_Work order:_ Repeat the lines of the data exactly and exclude any picture among them.

_Image-caption web data:_
_____

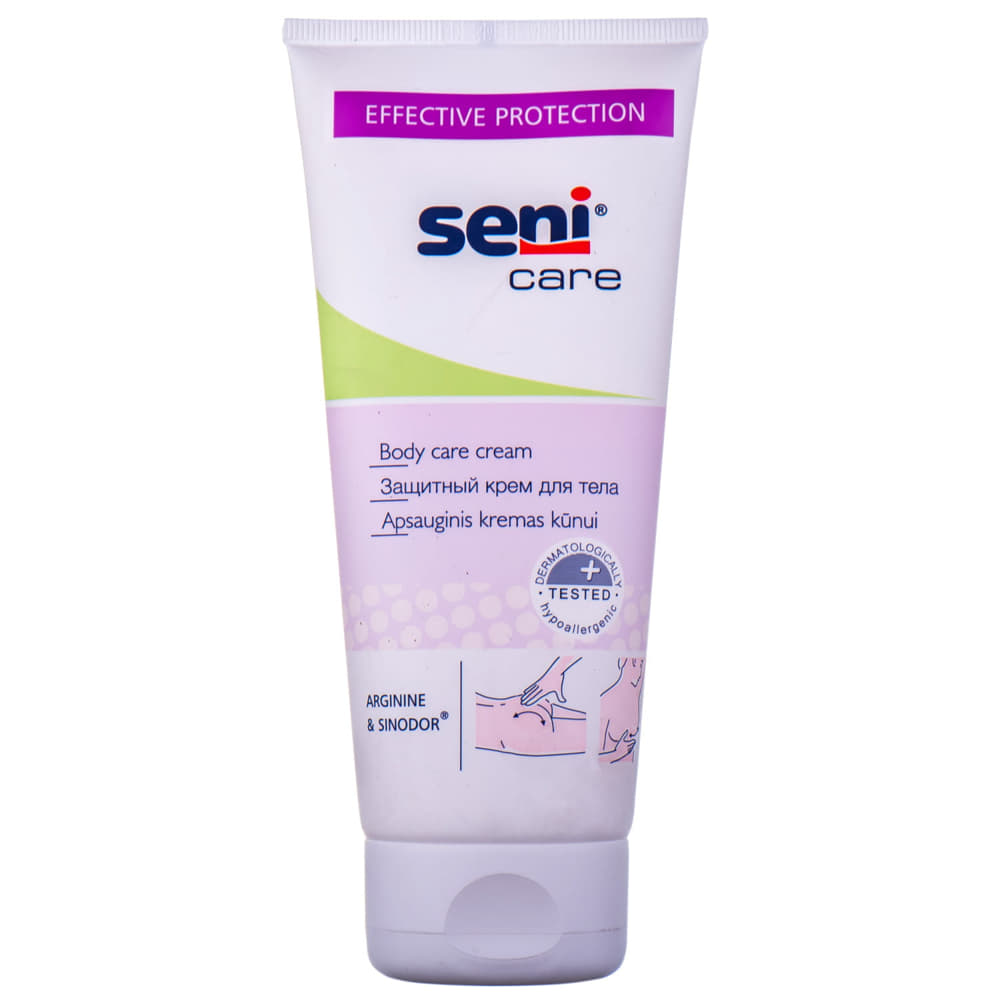 *Г SENI Care защитный крем для тела 200мл *Г SENI Care защитный крем для тела 200мл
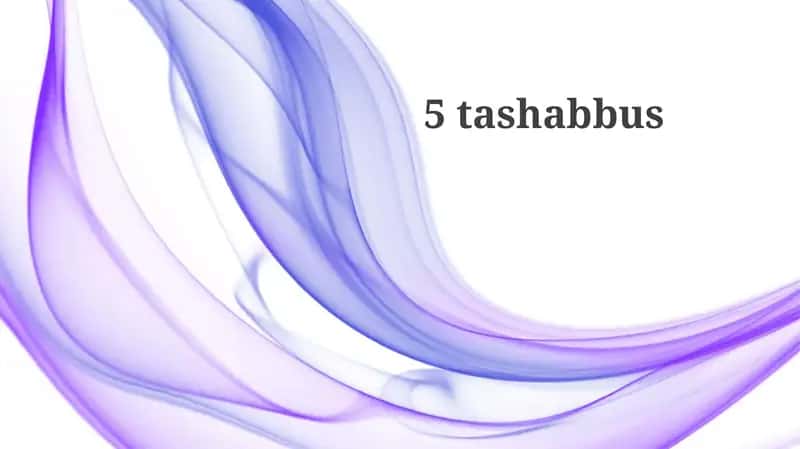 5 Tashabbus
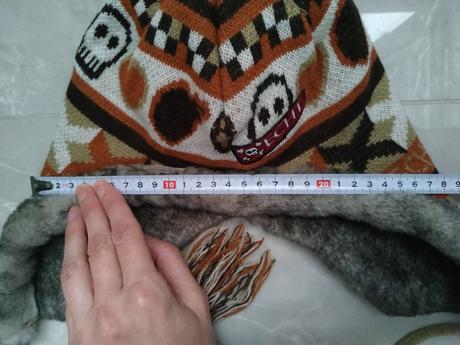 Zimná čiapka, echt,98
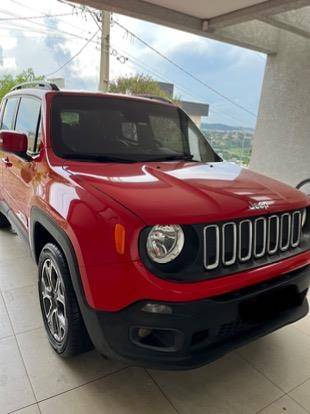 JEEP RENEGADE 1.8 16V FLEX LONGITUDE 4P AUTOMÁTICO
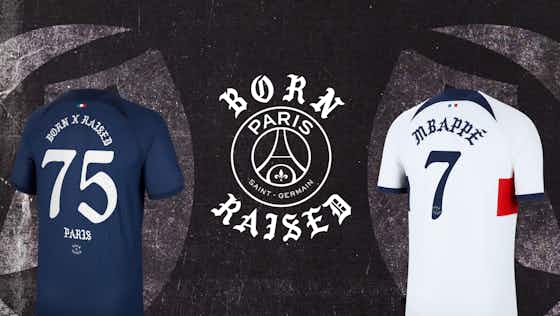Article image:Paris Saint-Germain drops a limited edition collab with Born x Raised during the Classique!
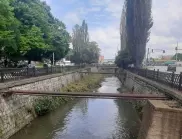 Продължава почистването на речните корита на територията на Плевен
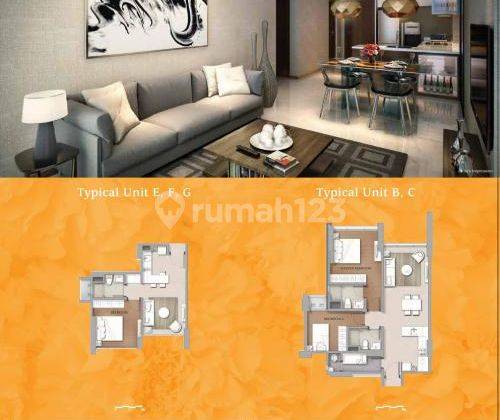 Apartemen MARIGOLD T3-2E @NavaPark-BSD CITY 2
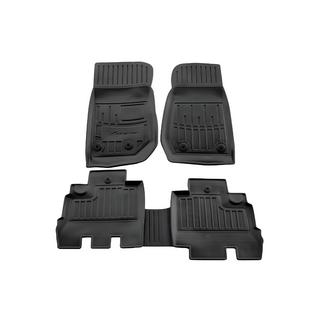 Stingray 3D talne preproge za notranjost (5D, 5 kos, poliuretan) Jeep Wrangler 2007–2017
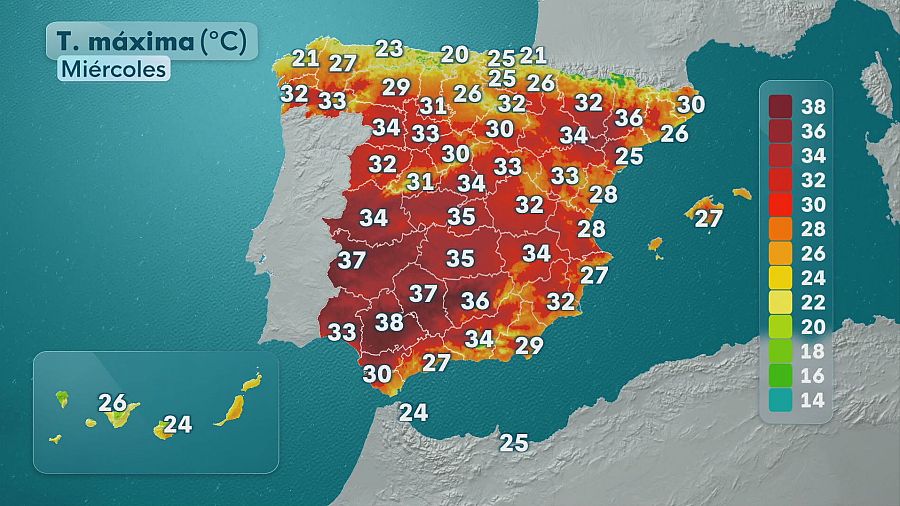 El tiempo hoy 28 de mayo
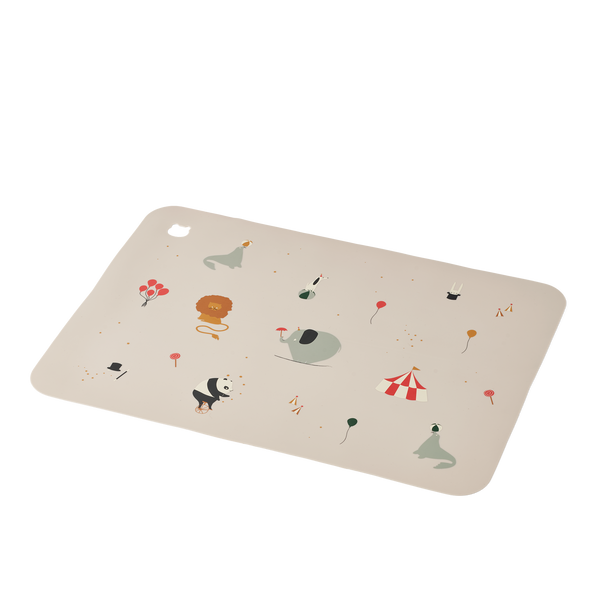 Jude Circus Print Placemat (Sandy)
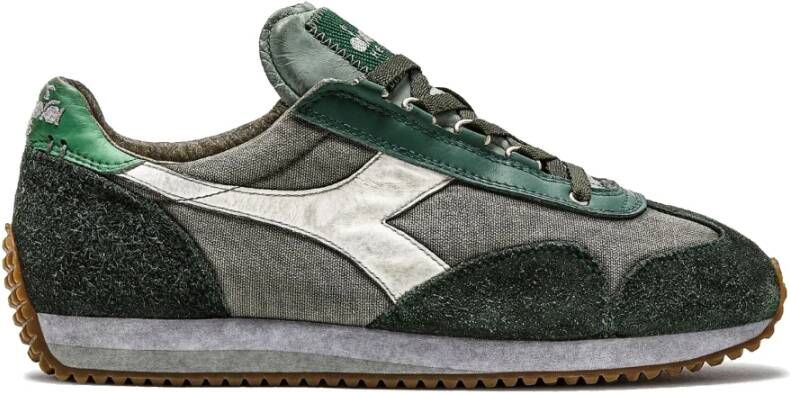 Diadora Stone Wash Evo Sneakers Green Dames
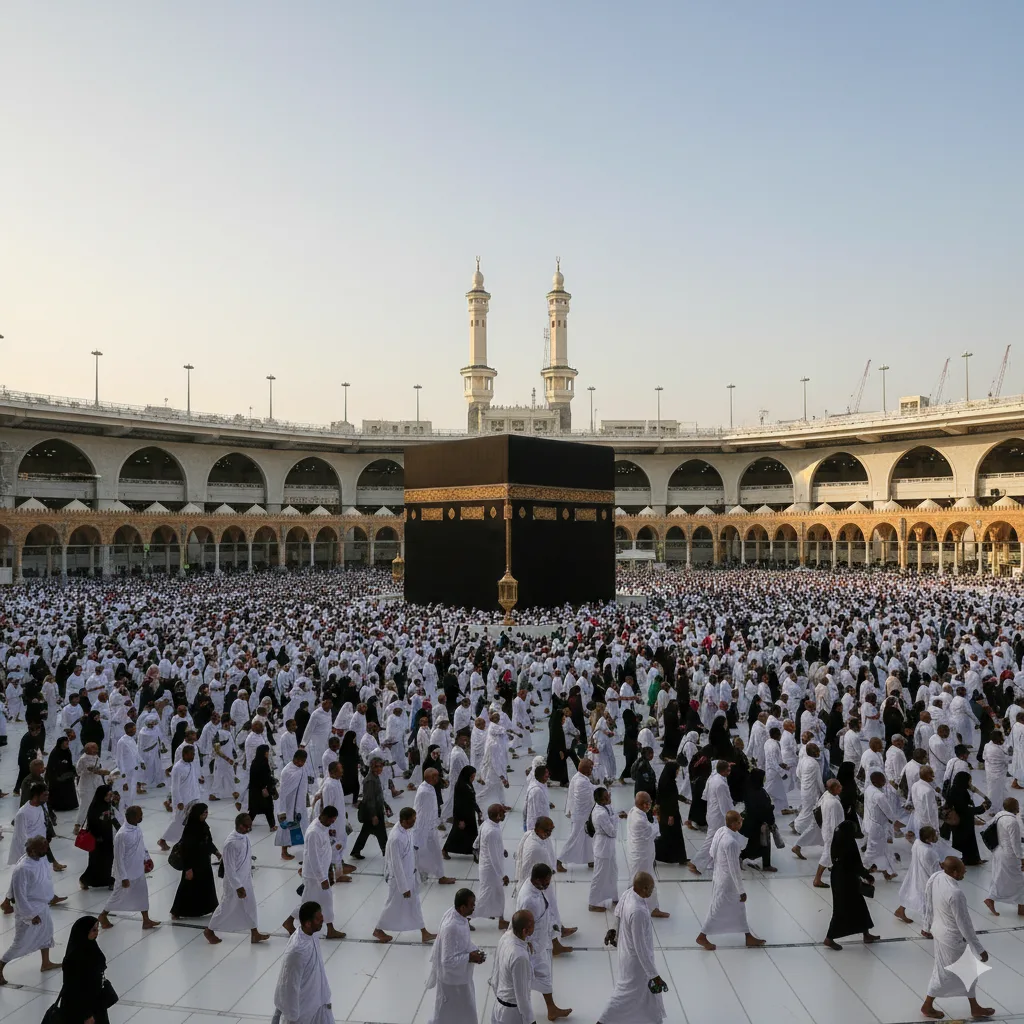 Group Umrah packages from Mumbai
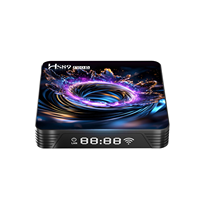 HS89 PRO 15 TV BOX Android 14 RK3539 Chipset Rockchip Set Top Box Control Remoto por Voz BT 4K Ultra HD El Mejor Reproductor Multimedia Android TV Box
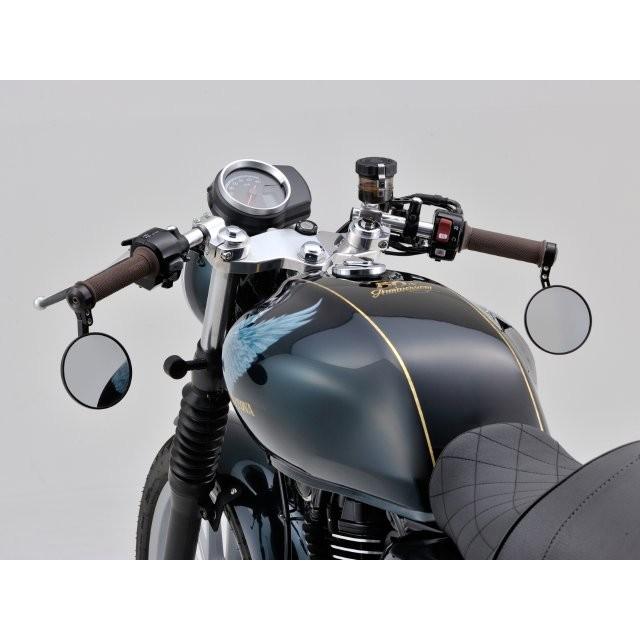在庫有り DAYTONA デイトナ セパハンセット HONDA ホンダGB350/S バフ仕上げ 31284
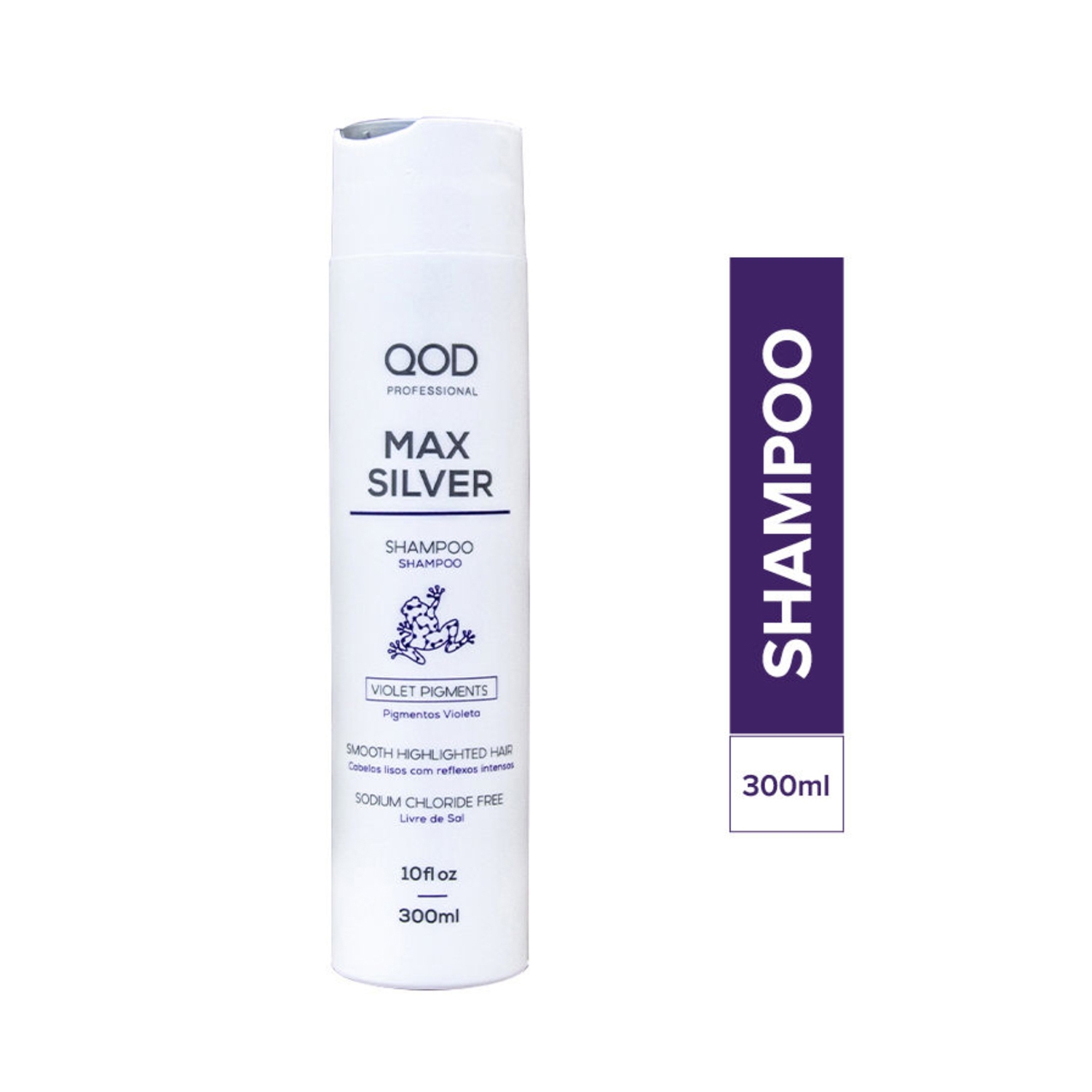 QOD Professional | QOD Professional Max Silver Shampoo (300ml)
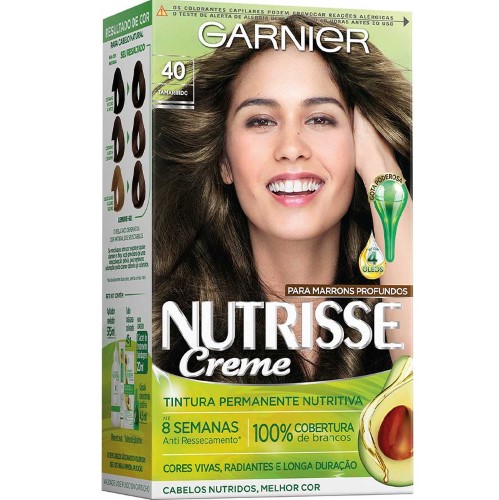 Tintura Garnier Nutrisse 40 Tamarindo 2 Unidades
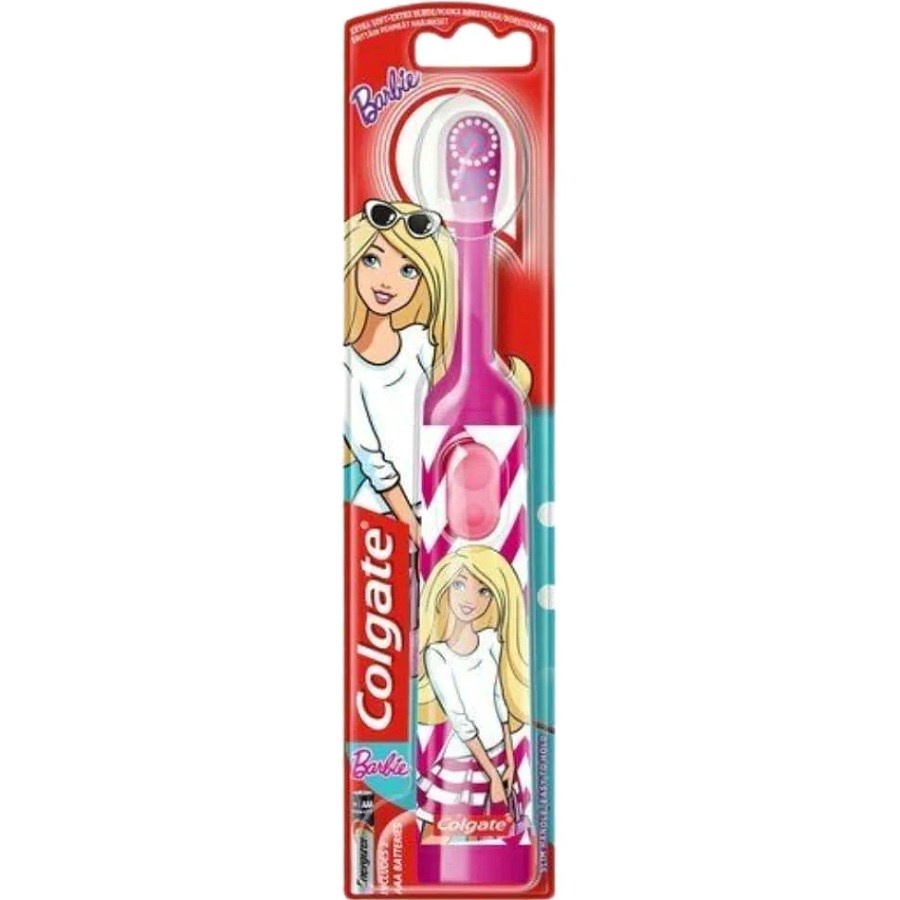 Barbie Kids Toothbrush Battery Powered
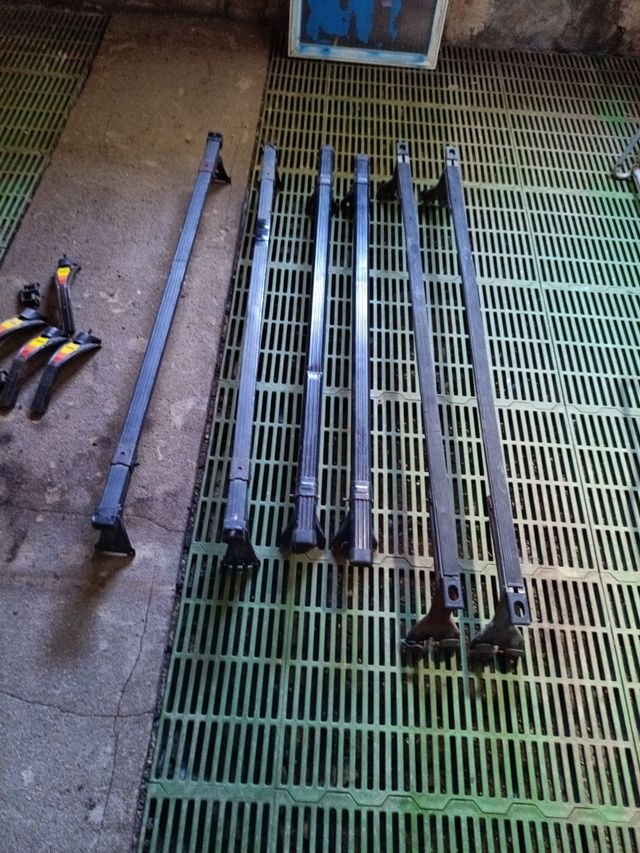 Barras portaequipajes clásicas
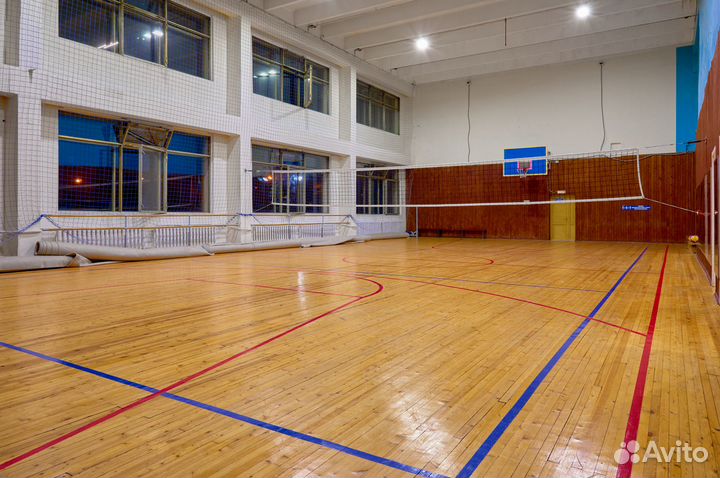 Аренда игрового и спортивного зала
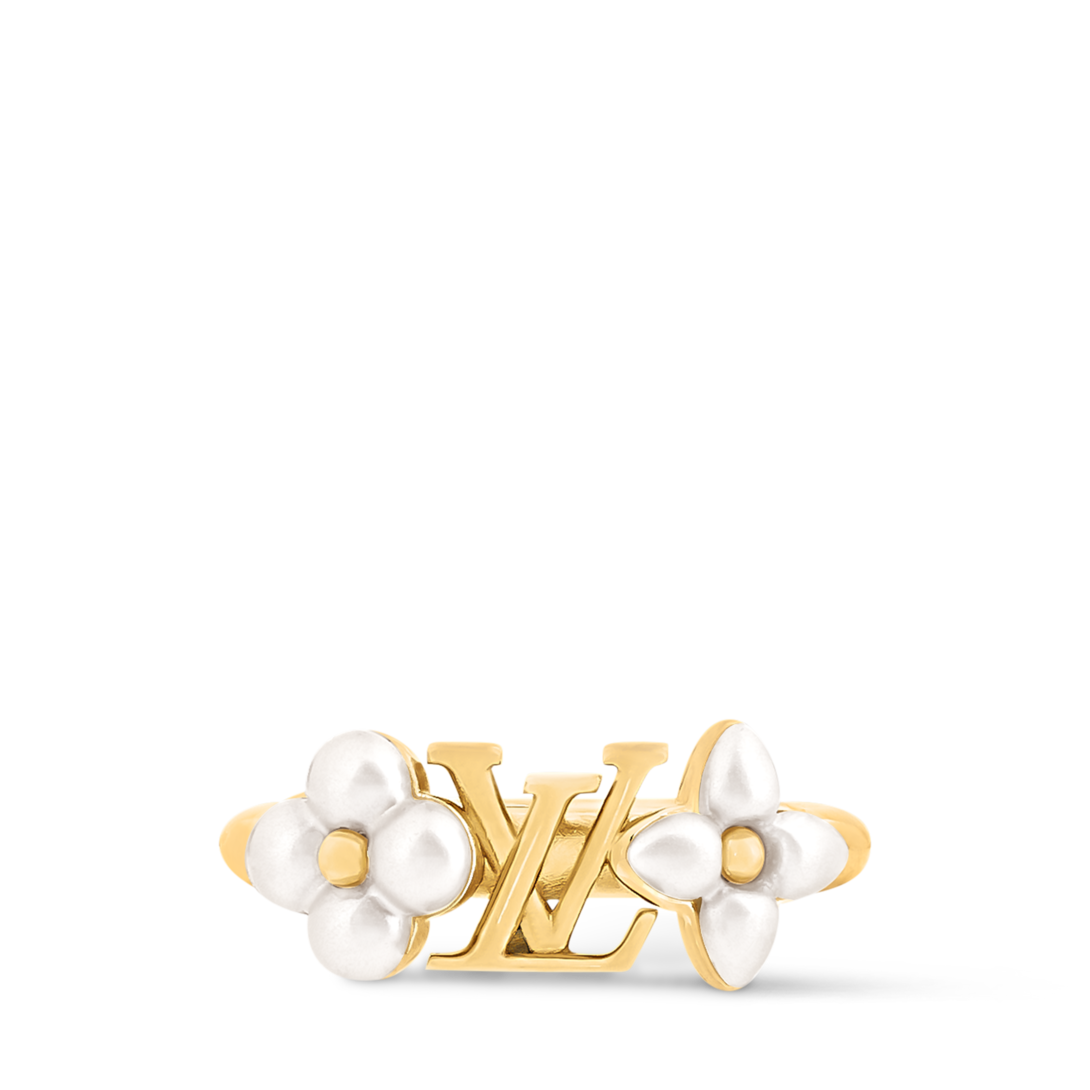 LV Floragram Ring S00 - Women - Fashion Jewelry | LOUIS VUITTON ®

_____

_Task response:_
 *Г SENI Care защитный крем для тела 200мл *Г SENI Care защитный крем для тела 200мл
 5 Tashabbus
 Zimná čiapka, echt,98
 JEEP RENEGADE 1.8 16V FLEX LONGITUDE 4P AUTOMÁTICO
Article image:Paris Saint-Germain drops a limited edition collab with Born x Raised during the Classique!
 Продължава почистването на речните корита на територията на Плевен
 Apartemen MARIGOLD T3-2E @NavaPark-BSD CITY 2
 Stingray 3D talne preproge za notranjost (5D, 5 kos, poliuretan) Jeep Wrangler 2007–2017
 El tiempo hoy 28 de mayo
 Jude Circus Print Placemat (Sandy)
 Diadora Stone Wash Evo Sneakers Green Dames
 Group Umrah packages from Mumbai
 HS89 PRO 15 TV BOX Android 14 RK3539 Chipset Rockchip Set Top Box Control Remoto por Voz BT 4K Ultra HD El Mejor Reproductor Multimedia Android TV Box
在庫有り DAYTONA デイトナ セパハンセット HONDA ホンダGB350/S バフ仕上げ 31284
 QOD Professional | QOD Professional Max Silver Shampoo (300ml)
 Tintura Garnier Nutrisse 40 Tamarindo 2 Unidades
 Barbie Kids Toothbrush Battery Powered
 Barras portaequipajes clásicas
 Аренда игрового и спортивного зала
 LV Floragram Ring S00 - Women - Fashion Jewelry | LOUIS VUITTON ®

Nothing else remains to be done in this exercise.